Scraped caption text data:
━━━━━━━━━━━━━━━━

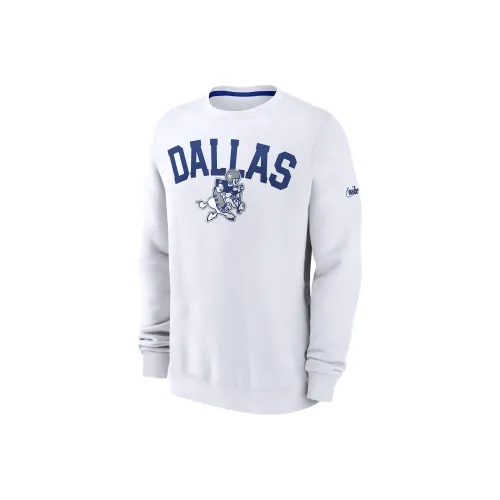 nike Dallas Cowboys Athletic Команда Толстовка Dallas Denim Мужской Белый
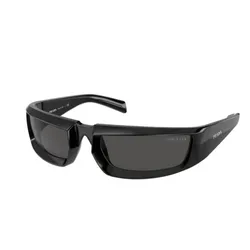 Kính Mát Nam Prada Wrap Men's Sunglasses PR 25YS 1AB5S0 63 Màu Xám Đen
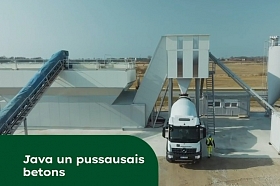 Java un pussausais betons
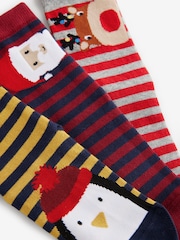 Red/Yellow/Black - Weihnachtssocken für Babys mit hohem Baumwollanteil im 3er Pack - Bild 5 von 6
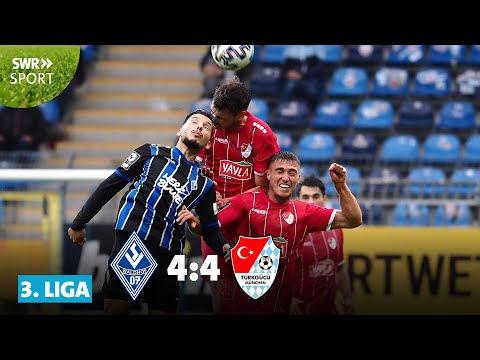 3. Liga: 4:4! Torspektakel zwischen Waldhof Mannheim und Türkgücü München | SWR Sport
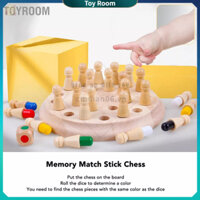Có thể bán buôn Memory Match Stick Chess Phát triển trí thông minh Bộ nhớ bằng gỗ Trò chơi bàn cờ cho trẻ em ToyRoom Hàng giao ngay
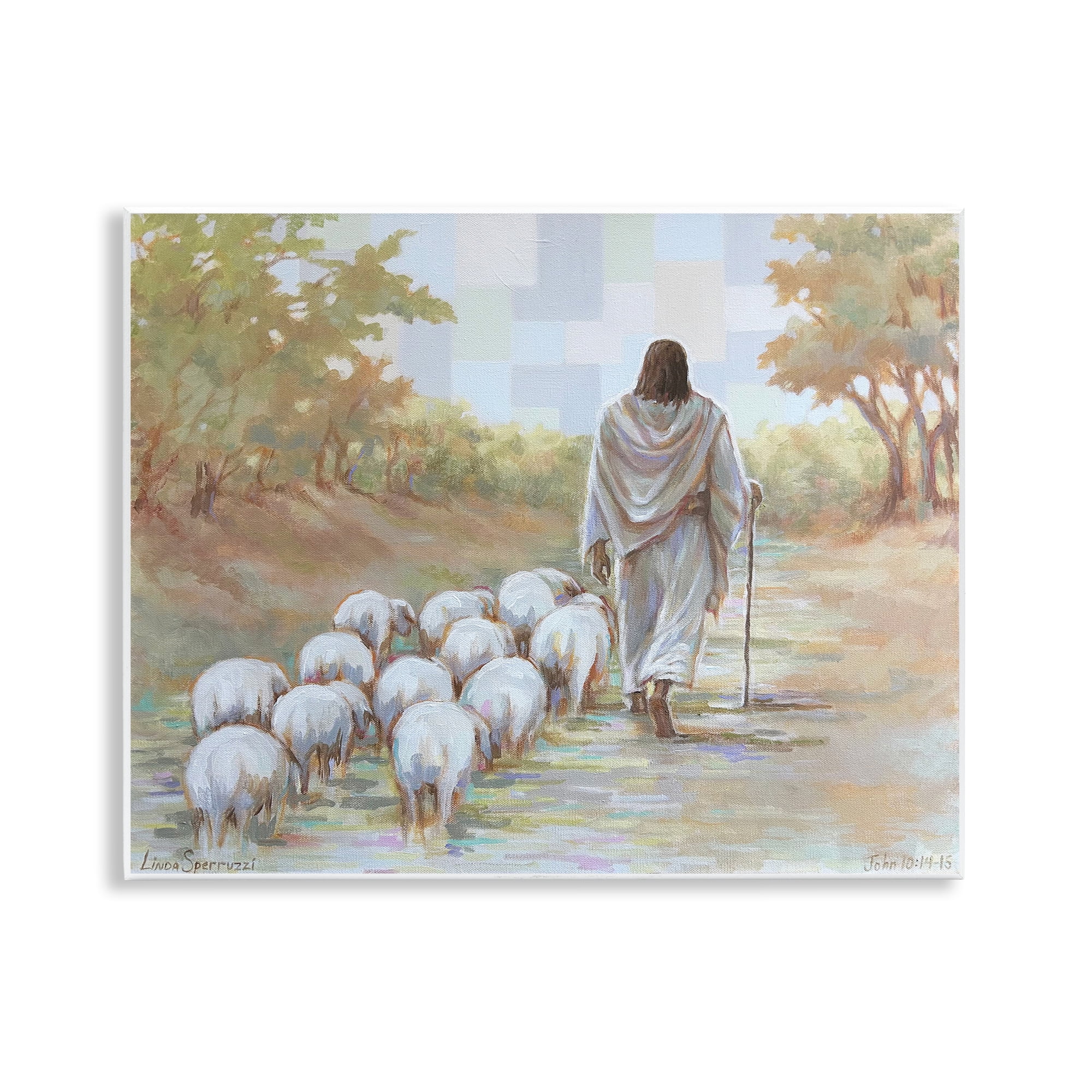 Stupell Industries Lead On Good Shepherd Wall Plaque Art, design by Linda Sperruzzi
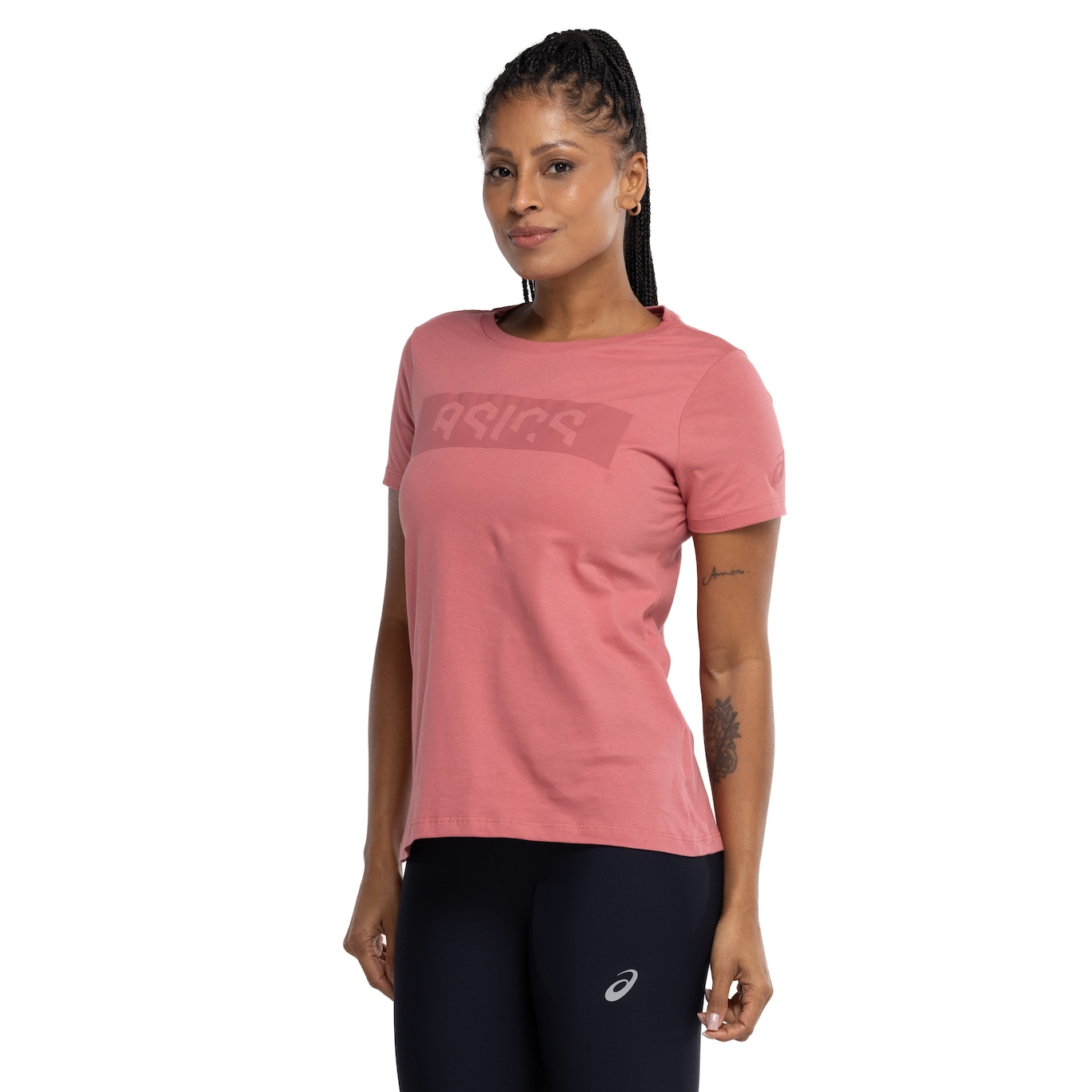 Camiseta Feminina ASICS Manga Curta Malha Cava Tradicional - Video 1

━━━━━━━━━━━━━━━━

Nothing but the lines from the one with "Red/Yellow/Black - Weihnachtssocken" up to and including the one with "3. Liga: 4:4!" should be printed, exactly as they read above. Please keep the pictures out.

Written reply:
 Red/Yellow/Black - Weihnachtssocken für Babys mit hohem Baumwollanteil im 3er Pack - Bild 5 von 6
 3. Liga: 4:4! Torspektakel zwischen Waldhof Mannheim und Türkgücü München | SWR Sport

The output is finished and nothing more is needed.